Es gibt drei Menschen aus meinem Freundeskreis, denen ich vor Jahren von Vipassana erzählt habe. Alle drei sind selbst hingegangen. Alle drei sagen heute: Es war eine der wichtigsten Entscheidungen ihres Lebens.
Was Vipassana lehrt
Der Kern von Vipassana ist ein einfacher Gedanke, der schwer zu leben ist: Alles verändert sich. Nichts bleibt. Freude vergeht. Schmerz vergeht. Beziehungen wandeln sich. Der Körper wird älter. Selbst unser eigenes Ich ist nicht das, was es vor zehn Jahren war.
In der alten Pali-Sprache heisst dieser Grundgedanke Anicca – Unbeständigkeit. Meditierende sprechen ihn manchmal zweimal aus, wie eine leise Erinnerung: Anicca, anicca.
Wenn wir das begreifen – nicht nur mit dem Kopf, sondern mit dem ganzen Dasein – verändert sich unser Verhältnis zum inneren Widerstand, und in uns öffnet sich ein Raum, in dem er seine Macht verliert. Wir sehen die Dinge, wie sie sind. Nicht wie wir sie haben oder sehen wollen.
Vipassana lehrt uns auch, zwei Kräfte in uns zu erkennen, die Leiden erzeugen. Die eine ist Craving – das Anhaften an dem, was uns angenehm ist. Wir wollen es festhalten, verlängern, wiederhaben. Die andere ist Aversion – der Widerstand gegen das, was uns unangenehm ist. Wir wollen es wegschieben, verhindern, ausblenden.
Beide Kräfte sind natürlich. Aber beide erzeugen Leiden, weil sie gegen die grundlegende Wahrheit des Lebens arbeiten: dass alles im Fluss ist. Was angenehm ist, wird vergehen. Was unangenehm ist, wird auch vergehen. Wenn wir das mit Gleichmut annehmen, hören wir auf, gegen das Leben zu kämpfen.

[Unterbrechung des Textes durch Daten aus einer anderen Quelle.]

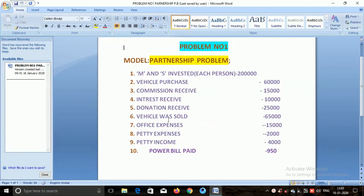Now we have a single person in the business. There are more than two members in this company, and they share more than half of the profit or loss.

Unsere sechs Sinne sind die Tore, durch die das Leben in unser Bewusstsein eintritt. Wenn wir mit Gleichmut und Achtsamkeit auf sie schauen – ohne anzuhaften und ohne abzulehnen – wird das Leben auf eine stille Weise wunderschön.
Was Sie wissen sollten
Vipassana-Retreats sind seriös und ohne religiösen Hintergrund. Sie sind für alle Menschen zugänglich. Und – das ist wichtig – sie kosten nichts. Unterkunft und Verpflegung werden zur Verfügung gestellt. Sie müssen sich um nichts kümmern, ausser sich zehn Tage Zeit zu nehmen.
Eine Einladung
Falls Sie manchmal das Gefühl haben, dass das Leben zu laut geworden ist. Falls Sie sich fragen, ob eine Auszeit gut täte. Falls etwas in Ihnen ruft, ohne dass Sie es genau benennen können – hier ist ein Weg, den Sie vielleicht noch nicht kannten.
Er ist zugänglich. Er kostet nichts. Er ist schwierig. Und er trägt.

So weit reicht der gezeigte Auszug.